Rumor has it that Charlie and her sister Desiree are actually lovers. At first they deny it vehemently (especially when Drusilla and her husband, Dictel chief lawyer Clayton Starr, try to get them thrown in jail over it), but later they do nothing to dispel the rumor. But suggest that she may be "more than friendly" with her kid sister Shira, and she'll punch you out; Starr is destroyed in Bad Company when he tries to railroad Charlie for just that and ends up hanging himself to escape being jailed for his long and savage abuse of Charlie and Desiree.

This is not a comprehensive profile like you'll see in, say, the encyclopedias of the DC and Marvel superhero comics universes, but an introduction (and, for me, a way to understand the character more). I've probably omitted a few important things about Charlie.
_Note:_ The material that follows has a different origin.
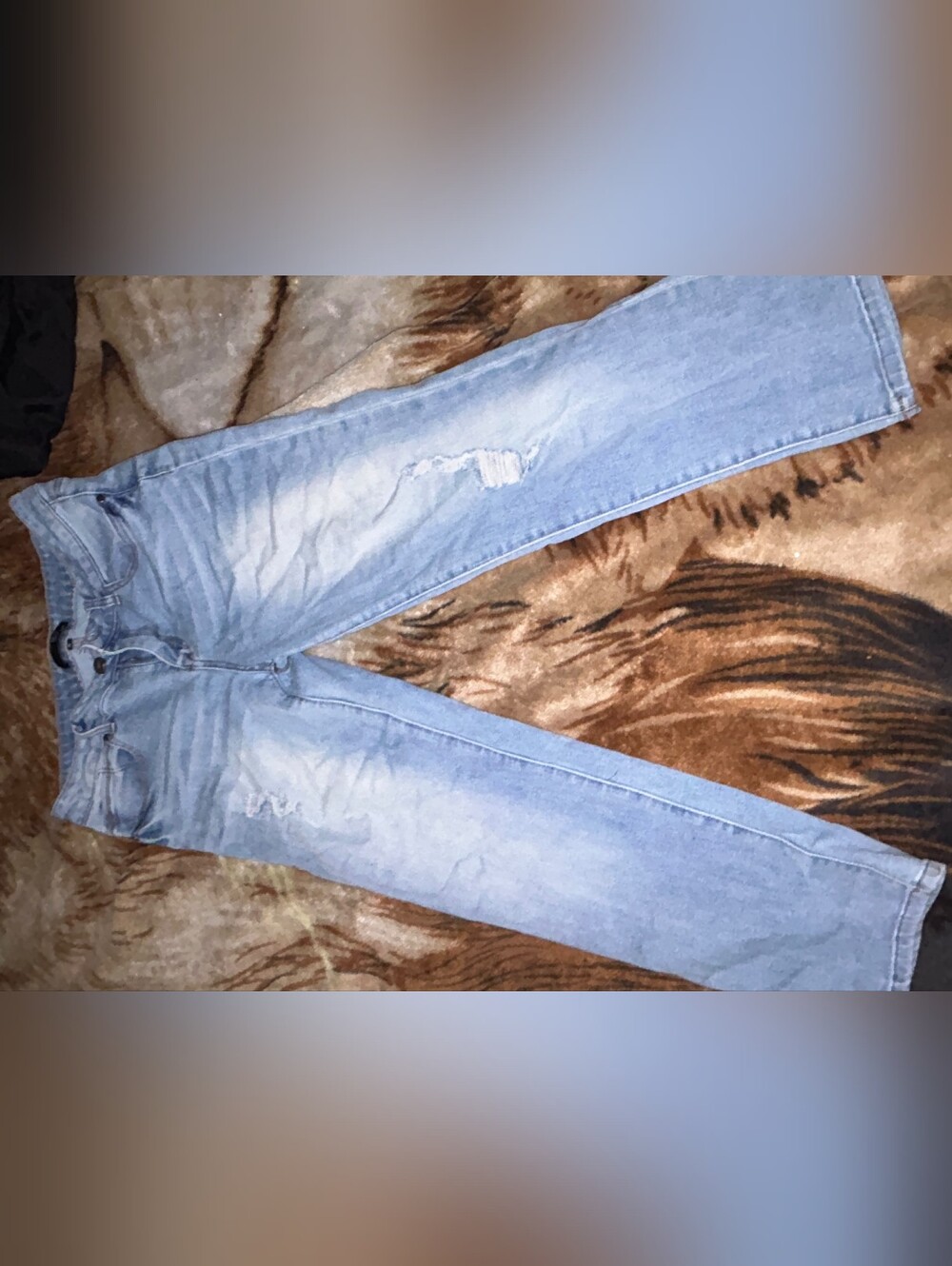 Kendall & Kylie Light Wash Distressed Skinny Jeans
Some of you probably fear that I've created one of the dreaded "Mary Sue" characters here. This is actually a running gag with some of my characters (in Black Science, Desiree actually goes to a science fiction convention dressed as the notorious Star Trek fan fiction character who gave the character type its name). The real joke is that Charlie's mother, Drusilla Becket, is the evil Mary Sue.

Charlie is a recurring character who pops up in some role in many or most of my stories. Osamu Tezuka, Japan's greatest cartoonist, has a well-known cast of recurring characters. I too have my own. Charlie is but one of them. (Speaking of which: not only will I have to start writing character entries like this, I'll also have to update the one on Shira.)

(Note: The picture of Charlie in this entry is the colorized version of the only drawing I've made of her, from 2004.)